• **About this exercise**
Output all entries exactly; images excluded.

Items listed in a dataset
..............................

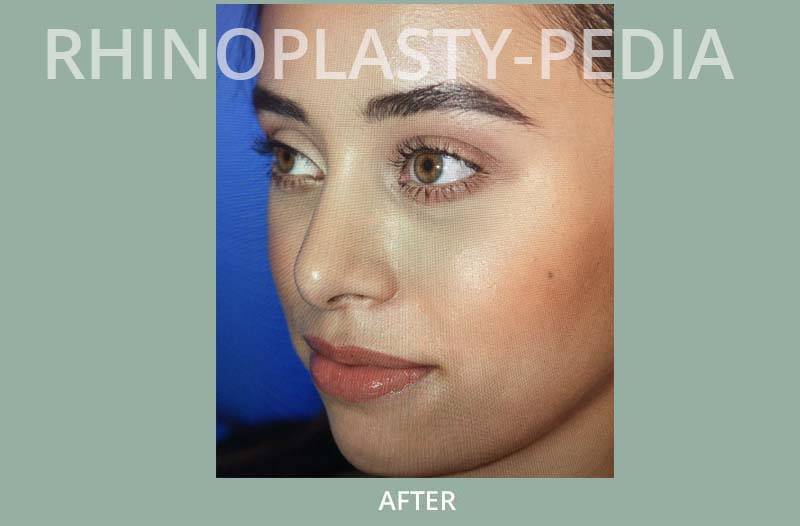 female rhinoplasty patient before and after photo 8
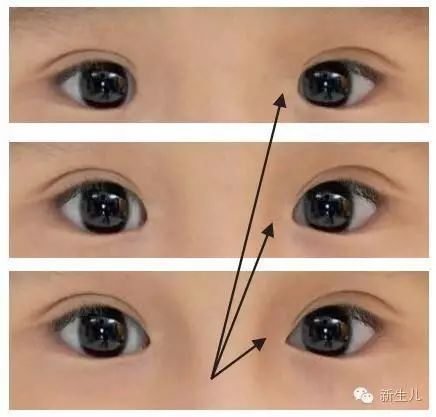 怎樣區別你的寶寶是否有斜視眼？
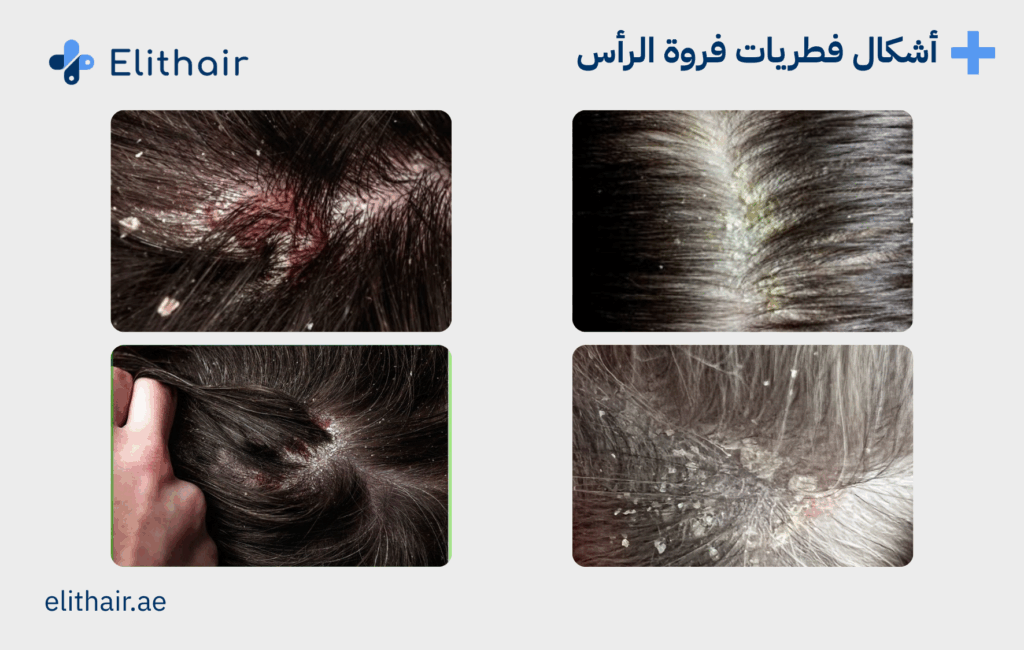 اشكال فطريات فروة الرأس - مركز اليت هير لزراعة الشعر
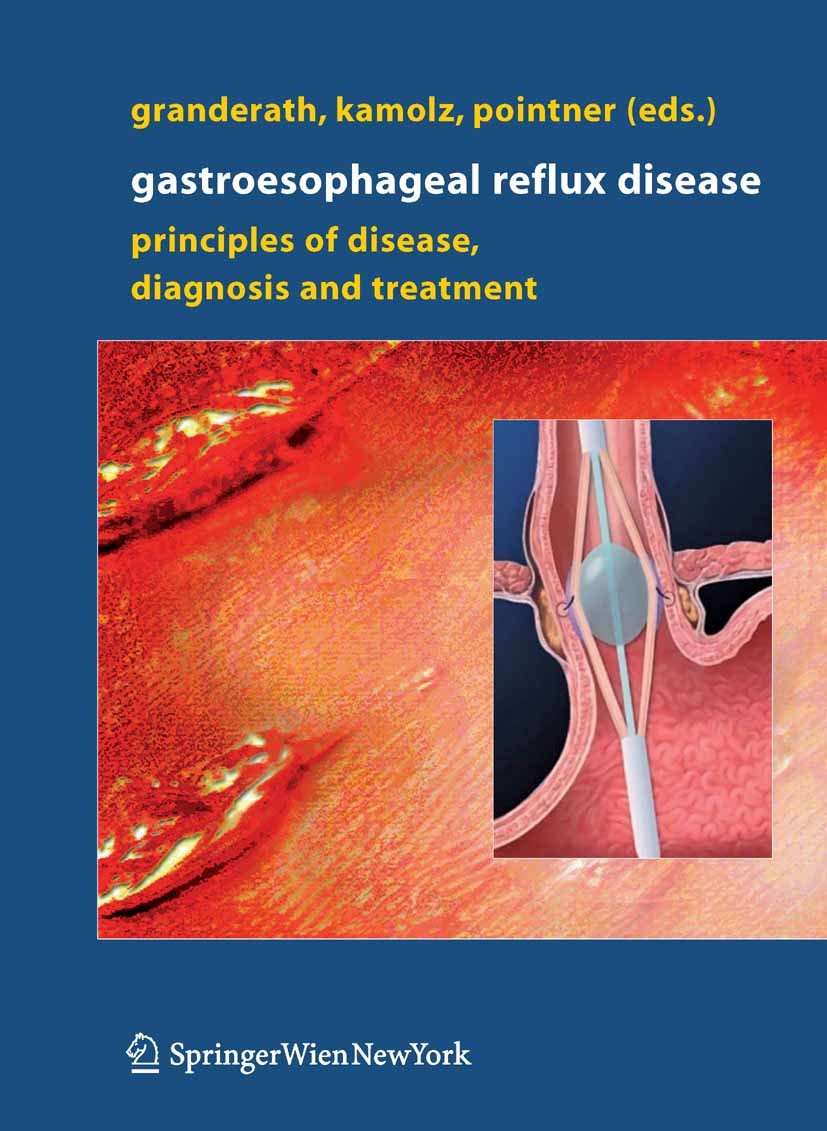 Titlebook: Gastroesophageal Reflux Disease; Principles of Diseas Frank A. Granderath,Thomas Kamolz,Rudolph Pointner Book 2006 Springer-Verlag Vienna 2 Titlebook: Gastroesophageal Reflux Disease; Principles of Diseas Frank A. Granderath,Thomas Kamolz,Rudolph Pointner Book 2006 Springer-Verlag Vienna 2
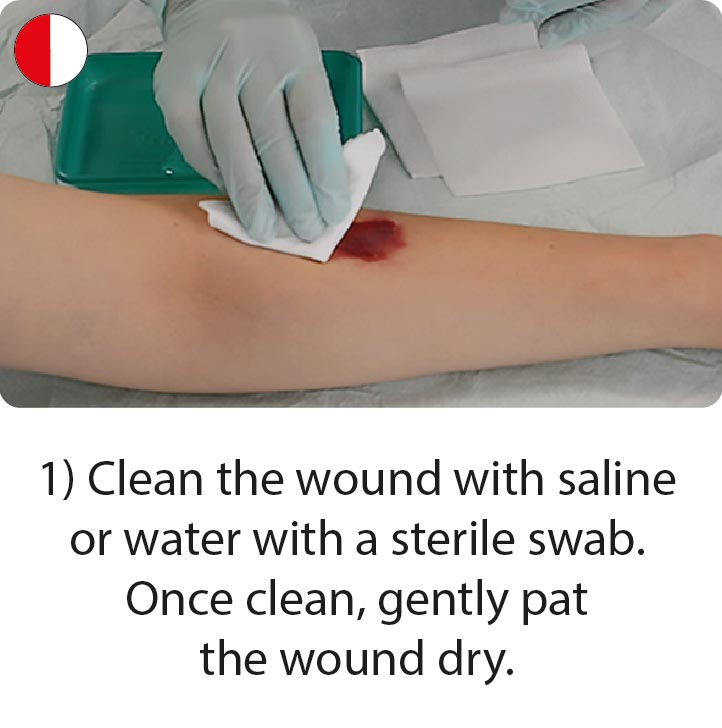 How to apply and remove skin tear dressings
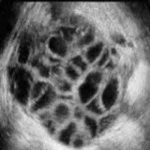 试管婴儿移植后腹水怎么办?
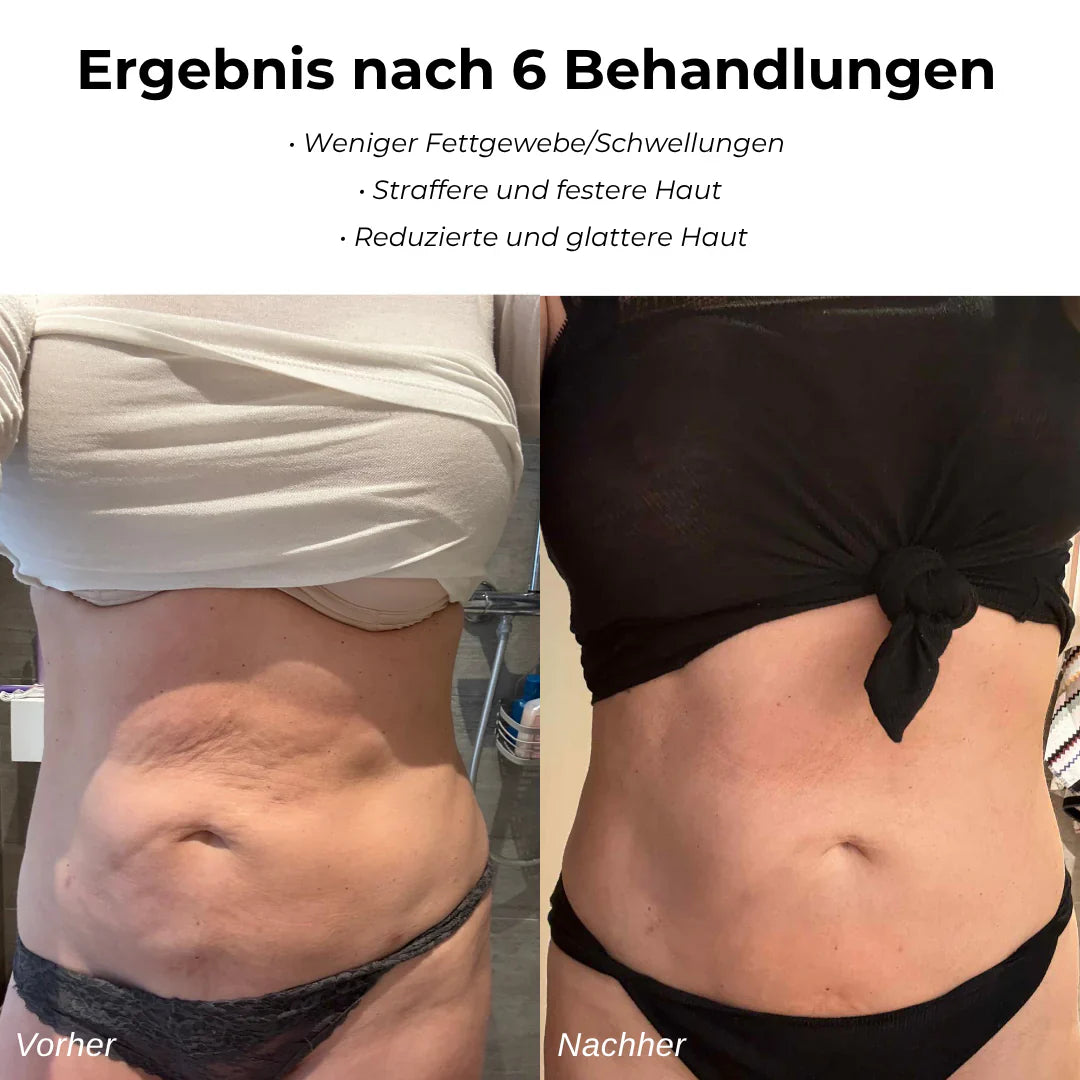VelaSculpt™ Anti-Cellulite-Gerät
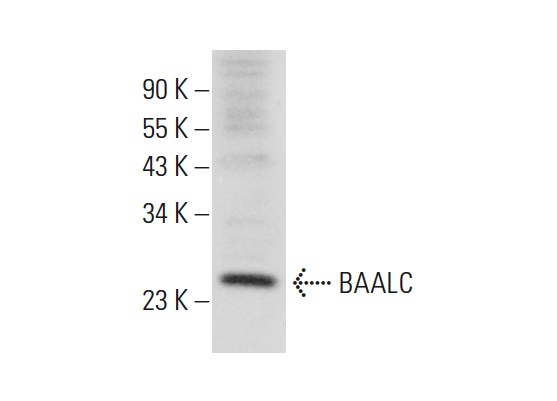  BAALC (A-14): sc-70020. Western blot analysis of BAALC expression in HEK293 whole cell lysate.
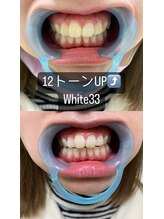 アイブロウ33/ホワイトニング　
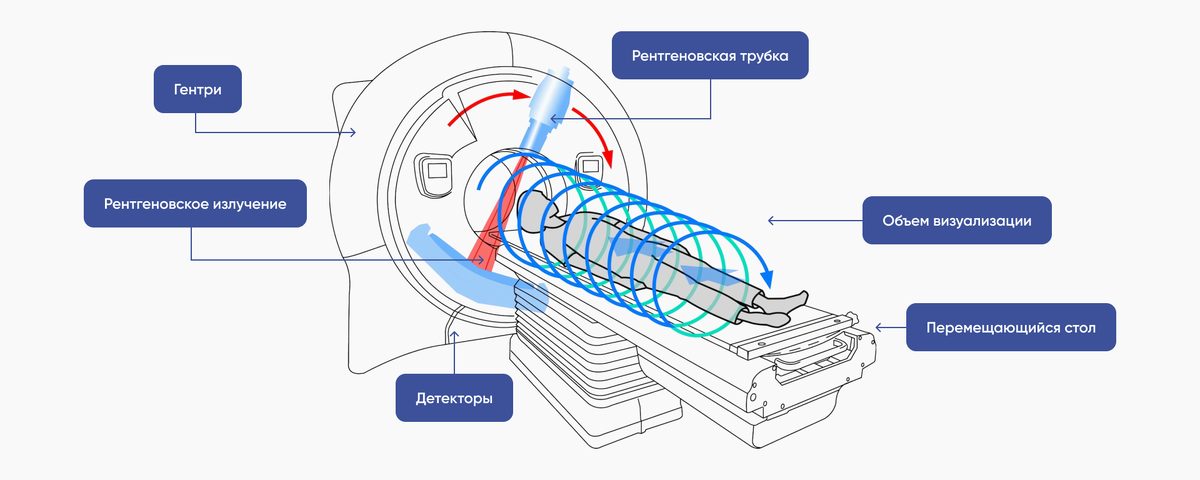 Устройство компьютерного томографа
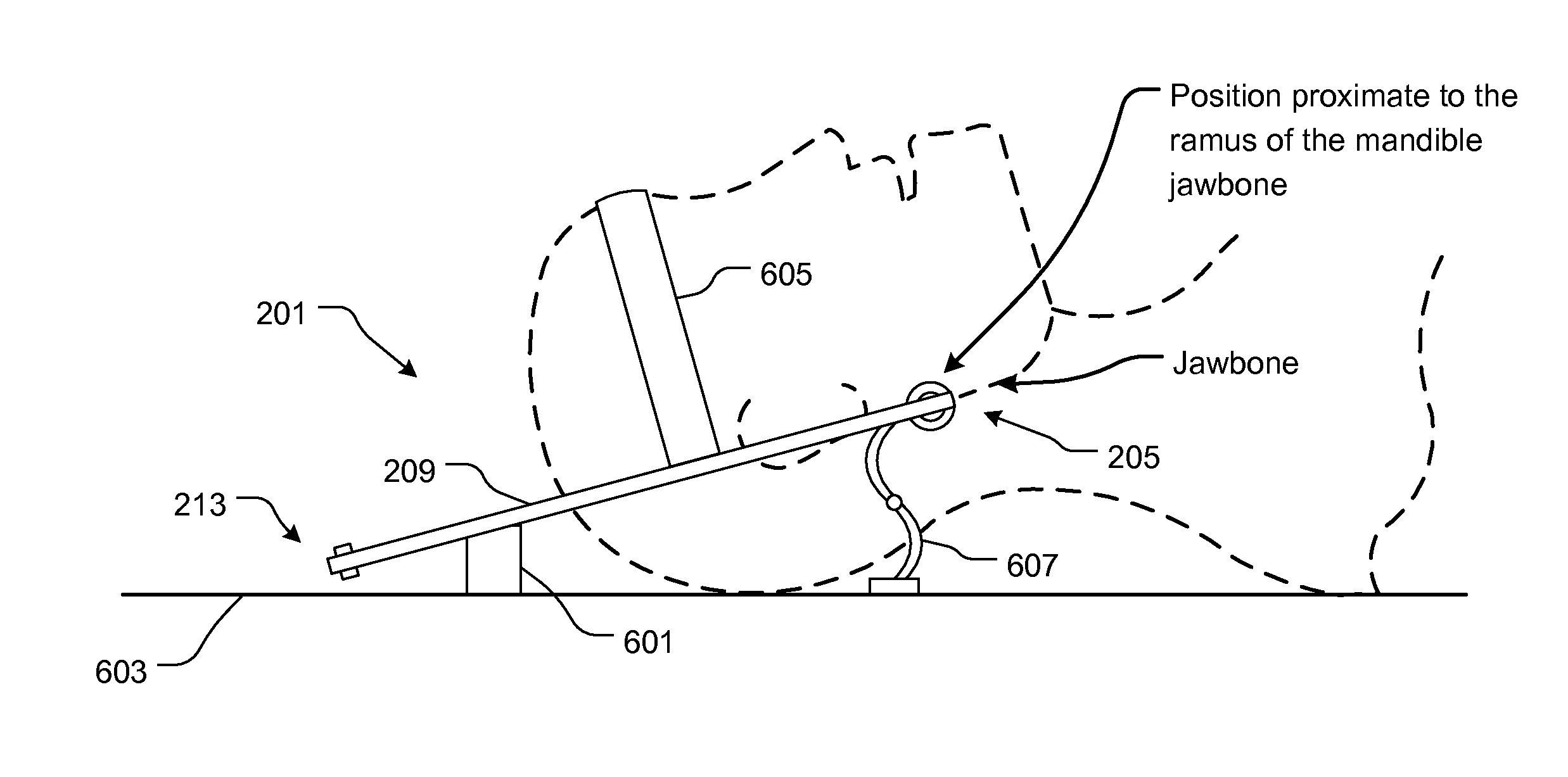 Jaw thrust apparatus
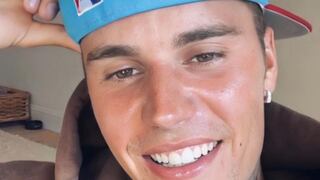 Justin Bieber sufre parálisis facial: ¿Por cuánto tiempo estará alejado de los escenarios?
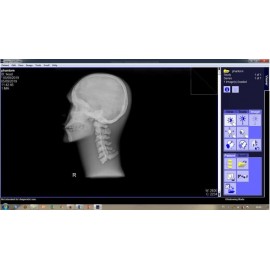 Phantom X-ray Tengkorak Kepala Cranium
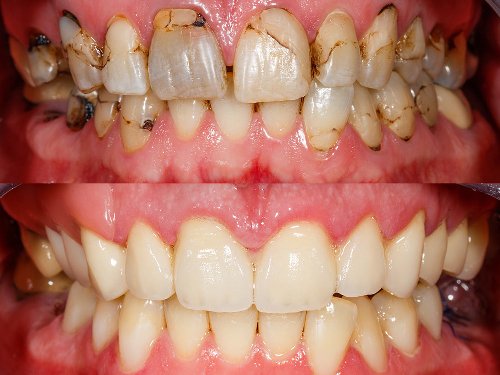 Full mouth rehabilitation | Finedent dental clinics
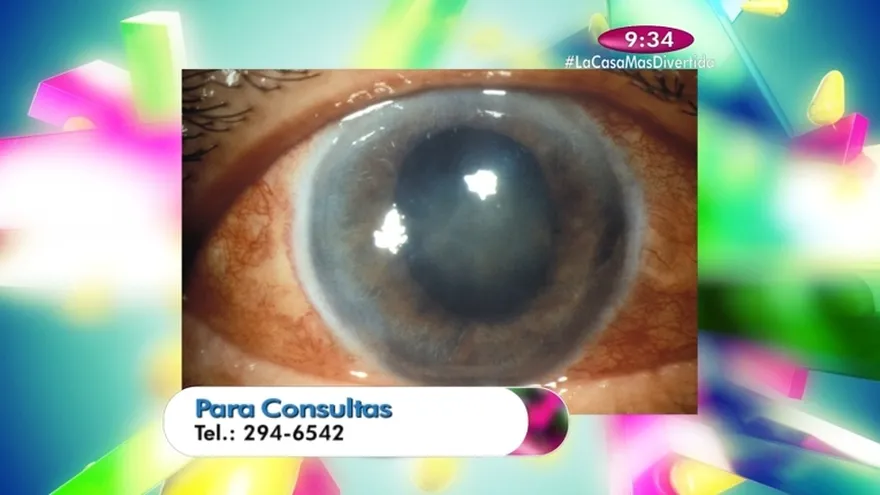 Segmento Salud al Día - El Glaucoma,sus causas y tratamientos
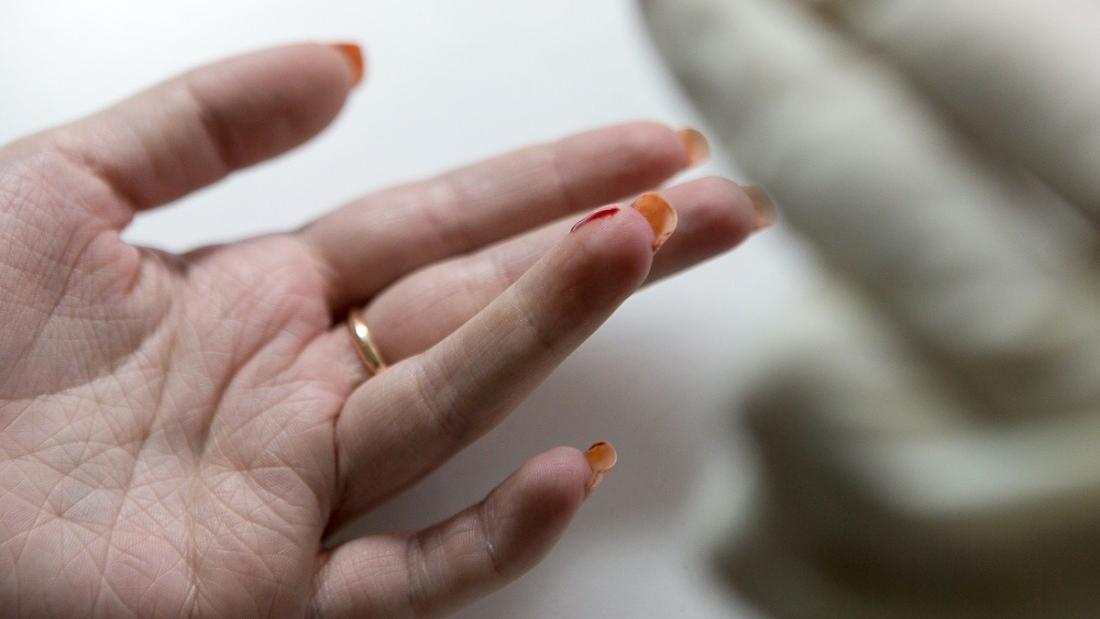 Ученые изобрели инновационный метод, что будет способствовать быстрому заживлению ран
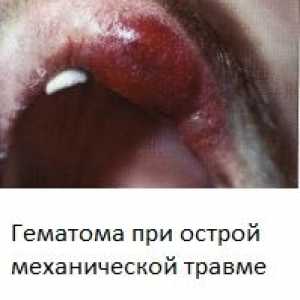 Stomatitis (vnetje ustne votline) s slikami
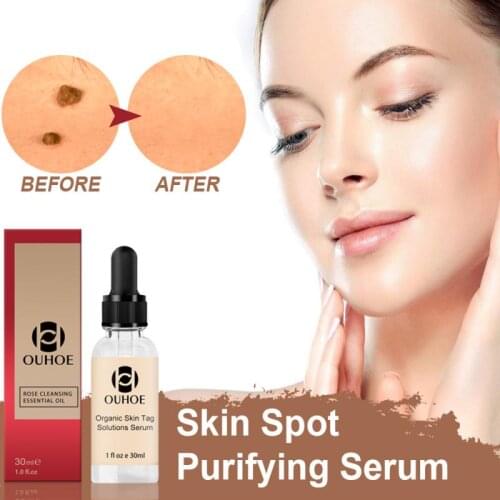 30ml Organic Tags Solutions Serum Face Care Effective Mole Corrector Skin Tag Remover Spot Purifying Cosmetics Skin Care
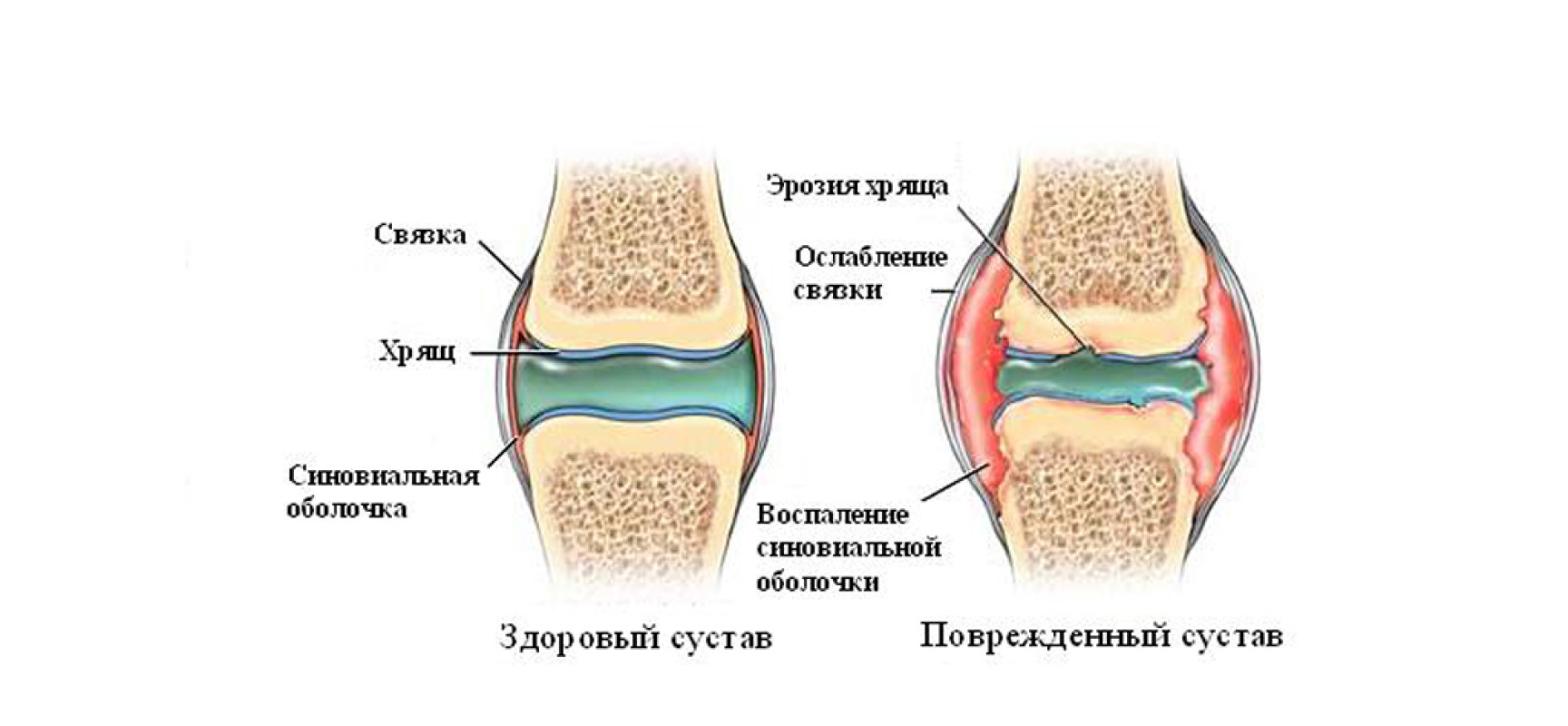 Артроз коленного сустава мениск. Остеоартроз синовиальная жидкость. Ювенильный ревматоидный артрит коленного сустава. Синовиальная жидкость в коленном суставе. Синовиальная жидкость и суставная жидкость.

..............................

• **Result below**
 female rhinoplasty patient before and after photo 8
 怎樣區別你的寶寶是否有斜視眼？
 اشكال فطريات فروة الرأس - مركز اليت هير لزراعة الشعر
 Titlebook: Gastroesophageal Reflux Disease; Principles of Diseas Frank A. Granderath,Thomas Kamolz,Rudolph Pointner Book 2006 Springer-Verlag Vienna 2 Titlebook: Gastroesophageal Reflux Disease; Principles of Diseas Frank A. Granderath,Thomas Kamolz,Rudolph Pointner Book 2006 Springer-Verlag Vienna 2
 How to apply and remove skin tear dressings
 试管婴儿移植后腹水怎么办?
VelaSculpt™ Anti-Cellulite-Gerät
  BAALC (A-14): sc-70020. Western blot analysis of BAALC expression in HEK293 whole cell lysate.
 アイブロウ33/ホワイトニング　
 Устройство компьютерного томографа
 Jaw thrust apparatus
 Justin Bieber sufre parálisis facial: ¿Por cuánto tiempo estará alejado de los escenarios?
 Phantom X-ray Tengkorak Kepala Cranium
 Full mouth rehabilitation | Finedent dental clinics
 Segmento Salud al Día - El Glaucoma,sus causas y tratamientos
 Ученые изобрели инновационный метод, что будет способствовать быстрому заживлению ран
 Stomatitis (vnetje ustne votline) s slikami
 30ml Organic Tags Solutions Serum Face Care Effective Mole Corrector Skin Tag Remover Spot Purifying Cosmetics Skin Care
 Артроз коленного сустава мениск. Остеоартроз синовиальная жидкость. Ювенильный ревматоидный артрит коленного сустава. Синовиальная жидкость в коленном суставе. Синовиальная жидкость и суставная жидкость.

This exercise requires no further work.